The Wabash and Erie Canal
Extending from the banks of Lake Erie and Toledo, Ohio over 468 miles to Evansville, Indiana, on the Ohio River, the Wabash and Erie Canal was the longest fabricated structure in the United States and became part of the second-longest canal in the world. Construction of the Wabash and Erie Canal on February 22, 1832, with its grand opening celebrated on July 4, 1843. Due to Indiana's unique topography, engineering innovations were required to successfully complete the project, including swing bridges, systems of counterweights, tumbles, damns, locks, and the development of a concrete that would harden beneath water. A dam was built between 1838 and 1841along the Wabash River in Carrol County. A few local citizen blamed the dam for flooding in the area, took care of the 'problem' themselves by dynamiting the dam on February 9, 1881, destroying the canal boat river crossing, and ending Pittsburg, Indiana's economic boom. The Canal provided an economic boom all along its route, with taverns and other establishments springing up along its banks. Several other canals are also illustrated, including the incredible Indiana Central Canal, which was intended to connect the Wabash and Erie Canal to the Ohio River. Due to the Panic of 1837, however, the state of Indiana suffered financially and had to turn over the canal to its creditors, who stopped construction in 1839.
This map was engraved by George Boynton and published in the 1846 edition of Bradford and Goodrich's A Universal Illustrated Atlas.
CartographerS
Thomas Gamaliel Bradford (1802 - 1887) was born in Boston, Massachusetts, where he worked as an assistant editor for the Encyclopedia Americana. Bradford's first major cartographic work was his revision and subsequent republishing of an important French geography by Adrian Balbi, Abrege de Geographie published in America as Atlas Designed to Illustrate the Abridgment of Universal Geography, Modern and Ancient. Afterwards Bradford revised and expanded this work into his own important contributions to American cartography, the 1838 An Illustrated Atlas Geographical, Statistical and Historical of the United States and Adjacent Countries. Bradford's cartographic work is significant as among the first to record Texas as an independent nation. In his long career as a map publisher Bradford worked with William Davis Ticknor of Boston, Freeman Hunt of New York, Charles De Silver of Philadelphia, John Hinton, George Washington Boynton, and others. We have been able to discover little of Bradford's personal life. More by this mapmaker...

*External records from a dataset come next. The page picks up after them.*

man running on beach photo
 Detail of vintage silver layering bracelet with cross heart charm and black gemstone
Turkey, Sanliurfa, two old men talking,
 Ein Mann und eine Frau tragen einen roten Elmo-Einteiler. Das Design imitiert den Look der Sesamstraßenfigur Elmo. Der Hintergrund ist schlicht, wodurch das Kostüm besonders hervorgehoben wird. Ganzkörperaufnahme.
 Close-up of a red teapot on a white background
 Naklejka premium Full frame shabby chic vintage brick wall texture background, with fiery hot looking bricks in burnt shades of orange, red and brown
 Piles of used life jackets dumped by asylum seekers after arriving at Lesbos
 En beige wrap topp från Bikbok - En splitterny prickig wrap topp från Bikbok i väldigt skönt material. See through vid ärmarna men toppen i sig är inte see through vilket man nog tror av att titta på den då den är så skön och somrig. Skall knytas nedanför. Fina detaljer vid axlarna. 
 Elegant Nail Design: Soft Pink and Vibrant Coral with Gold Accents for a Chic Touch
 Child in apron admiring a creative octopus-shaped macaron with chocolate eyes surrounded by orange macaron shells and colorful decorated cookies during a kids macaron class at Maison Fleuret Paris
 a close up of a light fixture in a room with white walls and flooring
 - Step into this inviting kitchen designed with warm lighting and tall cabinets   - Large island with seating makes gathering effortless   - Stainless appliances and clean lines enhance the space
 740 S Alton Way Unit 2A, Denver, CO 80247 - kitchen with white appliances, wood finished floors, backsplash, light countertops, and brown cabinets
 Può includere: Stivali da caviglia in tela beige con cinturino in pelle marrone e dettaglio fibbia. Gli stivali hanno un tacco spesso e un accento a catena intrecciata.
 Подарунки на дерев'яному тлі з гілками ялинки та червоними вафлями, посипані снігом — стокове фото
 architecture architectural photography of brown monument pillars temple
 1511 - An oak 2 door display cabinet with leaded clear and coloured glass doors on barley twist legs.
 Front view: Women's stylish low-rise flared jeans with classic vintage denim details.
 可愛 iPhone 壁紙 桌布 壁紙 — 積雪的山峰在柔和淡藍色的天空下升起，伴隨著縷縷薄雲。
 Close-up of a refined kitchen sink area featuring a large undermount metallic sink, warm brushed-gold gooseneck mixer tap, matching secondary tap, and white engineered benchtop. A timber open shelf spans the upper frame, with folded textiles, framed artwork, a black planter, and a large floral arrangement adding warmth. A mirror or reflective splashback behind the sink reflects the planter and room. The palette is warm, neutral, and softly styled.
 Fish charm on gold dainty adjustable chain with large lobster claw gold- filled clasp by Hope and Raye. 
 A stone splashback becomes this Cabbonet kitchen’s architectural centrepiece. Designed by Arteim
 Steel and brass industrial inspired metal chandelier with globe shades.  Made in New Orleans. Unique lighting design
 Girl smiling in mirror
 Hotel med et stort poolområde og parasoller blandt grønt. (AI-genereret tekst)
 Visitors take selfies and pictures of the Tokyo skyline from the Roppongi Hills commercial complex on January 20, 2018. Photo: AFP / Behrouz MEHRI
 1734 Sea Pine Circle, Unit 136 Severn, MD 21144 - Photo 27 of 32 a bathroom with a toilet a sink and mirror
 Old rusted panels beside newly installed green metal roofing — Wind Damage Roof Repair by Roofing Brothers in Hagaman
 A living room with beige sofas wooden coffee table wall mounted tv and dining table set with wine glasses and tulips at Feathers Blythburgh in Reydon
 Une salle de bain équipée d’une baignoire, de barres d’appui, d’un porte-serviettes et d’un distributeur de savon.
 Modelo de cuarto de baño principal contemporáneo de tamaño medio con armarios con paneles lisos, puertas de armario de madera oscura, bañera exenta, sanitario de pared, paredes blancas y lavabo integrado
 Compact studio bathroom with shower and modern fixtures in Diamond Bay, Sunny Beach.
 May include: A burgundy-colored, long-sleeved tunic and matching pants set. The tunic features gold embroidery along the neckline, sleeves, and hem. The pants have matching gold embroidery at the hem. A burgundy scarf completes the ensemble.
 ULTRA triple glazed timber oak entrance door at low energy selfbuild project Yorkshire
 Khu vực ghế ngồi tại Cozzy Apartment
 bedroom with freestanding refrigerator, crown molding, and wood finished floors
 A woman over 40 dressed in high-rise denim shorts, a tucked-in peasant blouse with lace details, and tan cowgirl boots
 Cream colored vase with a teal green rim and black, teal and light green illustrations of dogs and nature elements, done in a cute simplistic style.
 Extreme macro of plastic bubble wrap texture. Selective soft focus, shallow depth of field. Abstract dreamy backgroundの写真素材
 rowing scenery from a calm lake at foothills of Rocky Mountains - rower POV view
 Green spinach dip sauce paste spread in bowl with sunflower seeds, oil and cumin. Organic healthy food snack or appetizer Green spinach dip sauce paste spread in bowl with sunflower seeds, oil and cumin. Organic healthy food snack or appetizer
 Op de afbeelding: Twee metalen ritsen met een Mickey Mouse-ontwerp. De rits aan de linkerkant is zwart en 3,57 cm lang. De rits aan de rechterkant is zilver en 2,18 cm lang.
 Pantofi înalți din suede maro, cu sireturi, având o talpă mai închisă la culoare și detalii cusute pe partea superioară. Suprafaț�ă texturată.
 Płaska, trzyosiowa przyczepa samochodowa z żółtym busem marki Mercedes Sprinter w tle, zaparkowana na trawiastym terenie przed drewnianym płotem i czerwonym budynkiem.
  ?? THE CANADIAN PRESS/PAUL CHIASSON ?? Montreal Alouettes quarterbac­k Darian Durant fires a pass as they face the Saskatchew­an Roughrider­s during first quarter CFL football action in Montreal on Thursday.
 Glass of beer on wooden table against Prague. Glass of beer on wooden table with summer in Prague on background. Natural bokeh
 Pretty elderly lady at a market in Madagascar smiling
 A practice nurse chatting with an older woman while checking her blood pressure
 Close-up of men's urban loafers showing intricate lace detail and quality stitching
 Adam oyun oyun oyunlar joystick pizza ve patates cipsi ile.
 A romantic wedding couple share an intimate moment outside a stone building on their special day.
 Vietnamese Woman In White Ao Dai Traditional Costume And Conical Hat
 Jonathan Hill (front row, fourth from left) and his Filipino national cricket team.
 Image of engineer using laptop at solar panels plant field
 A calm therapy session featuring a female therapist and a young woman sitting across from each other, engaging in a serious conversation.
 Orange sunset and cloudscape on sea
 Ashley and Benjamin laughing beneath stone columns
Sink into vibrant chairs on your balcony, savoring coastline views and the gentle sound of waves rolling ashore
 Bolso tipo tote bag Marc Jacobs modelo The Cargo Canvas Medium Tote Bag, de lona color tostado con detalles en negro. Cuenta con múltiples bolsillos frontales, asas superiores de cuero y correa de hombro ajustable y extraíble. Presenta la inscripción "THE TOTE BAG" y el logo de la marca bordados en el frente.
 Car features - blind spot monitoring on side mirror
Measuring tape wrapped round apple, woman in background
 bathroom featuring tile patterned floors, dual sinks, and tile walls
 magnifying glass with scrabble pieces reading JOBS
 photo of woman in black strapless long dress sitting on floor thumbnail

George Washington Boynton (fl. c. 1830 - 1850) was a Boston based cartographer and map engraver active in the first half of the 19th century. Boynton engraved and compiled maps for numerous publishers including Thomas Bradford, Nathaniel Dearborn, Daniel Adams, and S. G. Goodrich. His most significant work is most likely his engraving of various maps for Bradford's Illustrated Atlas, Geographical, Statistical, and Historical, of the United States and the Adjacent Countries and Universal Illustrated Atlas. He also engraved for the Boston Almanac. In 1835, Boynton is listed as an employee of the Boston Bewick Company, an engraving, stereotype, and printing concern based at no. 47 Court Street, Boston. Little else is known of his life. Learn More...
Source
Bradford, T. G. and Goodrich, S. G., A Universal Illustrated Atlas, exhibiting a Geographical, Statistical, and Historical view of the World, (Boston: Charles D. Strong) 1846.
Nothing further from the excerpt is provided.